DESCRIPTION OF THE TASK » Check each line of the data for the string "looks". Report how many have it, and give nothing else.

········

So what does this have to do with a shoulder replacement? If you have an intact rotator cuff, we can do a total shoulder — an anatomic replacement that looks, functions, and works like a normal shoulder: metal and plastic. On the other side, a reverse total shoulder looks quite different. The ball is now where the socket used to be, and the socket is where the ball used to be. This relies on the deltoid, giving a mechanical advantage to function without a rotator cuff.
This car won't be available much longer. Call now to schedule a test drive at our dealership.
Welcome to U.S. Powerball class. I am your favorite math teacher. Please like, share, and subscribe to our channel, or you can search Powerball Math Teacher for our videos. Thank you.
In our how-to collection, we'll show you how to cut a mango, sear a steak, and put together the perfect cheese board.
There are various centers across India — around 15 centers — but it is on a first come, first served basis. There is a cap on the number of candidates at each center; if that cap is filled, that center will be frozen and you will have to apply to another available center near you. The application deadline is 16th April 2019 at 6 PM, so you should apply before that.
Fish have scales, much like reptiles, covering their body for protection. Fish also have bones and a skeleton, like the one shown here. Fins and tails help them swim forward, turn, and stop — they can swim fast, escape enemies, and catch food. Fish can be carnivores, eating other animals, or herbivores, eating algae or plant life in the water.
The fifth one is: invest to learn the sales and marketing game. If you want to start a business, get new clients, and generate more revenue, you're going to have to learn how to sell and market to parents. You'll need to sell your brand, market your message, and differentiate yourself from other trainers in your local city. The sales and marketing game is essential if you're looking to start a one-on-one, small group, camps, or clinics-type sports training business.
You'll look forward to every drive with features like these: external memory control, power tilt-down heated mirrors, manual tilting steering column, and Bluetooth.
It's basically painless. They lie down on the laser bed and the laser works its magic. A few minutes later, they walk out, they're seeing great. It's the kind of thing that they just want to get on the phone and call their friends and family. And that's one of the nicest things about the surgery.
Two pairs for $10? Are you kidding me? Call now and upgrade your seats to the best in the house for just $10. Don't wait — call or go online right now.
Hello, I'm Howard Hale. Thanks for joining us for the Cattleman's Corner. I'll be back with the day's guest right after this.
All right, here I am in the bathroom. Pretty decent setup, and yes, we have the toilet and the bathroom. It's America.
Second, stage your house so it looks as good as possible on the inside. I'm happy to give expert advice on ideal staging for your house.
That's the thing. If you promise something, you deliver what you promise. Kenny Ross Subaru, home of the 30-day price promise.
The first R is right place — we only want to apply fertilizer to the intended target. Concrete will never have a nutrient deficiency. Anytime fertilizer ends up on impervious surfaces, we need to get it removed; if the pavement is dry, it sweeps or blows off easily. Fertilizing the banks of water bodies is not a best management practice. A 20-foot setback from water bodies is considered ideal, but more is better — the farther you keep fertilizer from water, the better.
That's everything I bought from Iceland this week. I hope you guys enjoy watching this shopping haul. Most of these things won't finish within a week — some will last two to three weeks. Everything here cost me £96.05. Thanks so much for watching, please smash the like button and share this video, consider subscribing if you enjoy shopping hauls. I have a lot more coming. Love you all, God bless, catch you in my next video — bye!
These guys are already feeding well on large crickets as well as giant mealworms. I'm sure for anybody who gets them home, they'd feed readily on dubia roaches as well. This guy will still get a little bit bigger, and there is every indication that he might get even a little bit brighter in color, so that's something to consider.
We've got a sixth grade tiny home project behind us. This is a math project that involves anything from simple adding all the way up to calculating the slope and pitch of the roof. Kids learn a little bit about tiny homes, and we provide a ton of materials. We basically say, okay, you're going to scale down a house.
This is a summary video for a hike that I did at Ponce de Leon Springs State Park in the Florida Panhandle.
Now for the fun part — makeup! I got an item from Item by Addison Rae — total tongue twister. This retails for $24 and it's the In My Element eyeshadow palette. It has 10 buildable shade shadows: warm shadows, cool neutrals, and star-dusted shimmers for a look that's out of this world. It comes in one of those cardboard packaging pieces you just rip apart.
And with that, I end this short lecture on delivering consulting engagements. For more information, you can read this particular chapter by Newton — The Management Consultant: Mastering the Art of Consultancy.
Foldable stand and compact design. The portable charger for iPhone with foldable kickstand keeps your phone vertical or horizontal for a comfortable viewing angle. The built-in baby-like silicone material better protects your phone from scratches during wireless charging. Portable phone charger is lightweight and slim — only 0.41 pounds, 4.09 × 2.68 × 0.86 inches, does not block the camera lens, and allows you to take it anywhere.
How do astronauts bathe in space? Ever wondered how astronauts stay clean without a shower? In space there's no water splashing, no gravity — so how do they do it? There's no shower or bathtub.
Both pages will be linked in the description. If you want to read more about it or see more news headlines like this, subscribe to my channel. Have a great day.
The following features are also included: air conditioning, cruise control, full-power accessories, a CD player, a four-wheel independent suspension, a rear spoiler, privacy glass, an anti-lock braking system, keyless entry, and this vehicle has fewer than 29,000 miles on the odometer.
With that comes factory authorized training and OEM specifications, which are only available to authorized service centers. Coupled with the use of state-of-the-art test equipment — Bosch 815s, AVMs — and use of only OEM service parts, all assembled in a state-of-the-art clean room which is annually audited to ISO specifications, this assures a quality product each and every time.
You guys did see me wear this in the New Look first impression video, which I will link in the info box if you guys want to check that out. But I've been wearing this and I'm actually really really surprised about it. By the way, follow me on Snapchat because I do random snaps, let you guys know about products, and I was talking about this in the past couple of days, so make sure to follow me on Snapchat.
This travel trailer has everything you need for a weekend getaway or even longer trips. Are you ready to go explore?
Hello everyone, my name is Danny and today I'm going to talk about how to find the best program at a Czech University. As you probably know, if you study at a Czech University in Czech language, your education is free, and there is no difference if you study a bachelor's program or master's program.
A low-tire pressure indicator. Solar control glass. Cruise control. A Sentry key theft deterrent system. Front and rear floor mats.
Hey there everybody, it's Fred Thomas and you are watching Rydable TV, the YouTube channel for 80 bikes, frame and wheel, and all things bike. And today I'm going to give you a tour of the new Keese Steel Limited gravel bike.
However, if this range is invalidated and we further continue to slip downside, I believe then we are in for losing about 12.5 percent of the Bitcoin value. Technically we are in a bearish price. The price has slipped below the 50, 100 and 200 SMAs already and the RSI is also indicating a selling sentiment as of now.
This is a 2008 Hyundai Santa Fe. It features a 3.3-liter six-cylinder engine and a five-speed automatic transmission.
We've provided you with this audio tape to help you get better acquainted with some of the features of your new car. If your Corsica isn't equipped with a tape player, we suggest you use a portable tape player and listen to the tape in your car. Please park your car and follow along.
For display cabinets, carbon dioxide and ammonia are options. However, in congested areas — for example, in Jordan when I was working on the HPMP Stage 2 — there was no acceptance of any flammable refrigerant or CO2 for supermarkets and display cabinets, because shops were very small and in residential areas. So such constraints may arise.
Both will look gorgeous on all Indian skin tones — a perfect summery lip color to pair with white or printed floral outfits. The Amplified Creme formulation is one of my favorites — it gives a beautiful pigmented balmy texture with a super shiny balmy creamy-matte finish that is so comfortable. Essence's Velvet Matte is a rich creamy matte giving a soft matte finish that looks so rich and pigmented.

········

EXERCISE RESULT » 3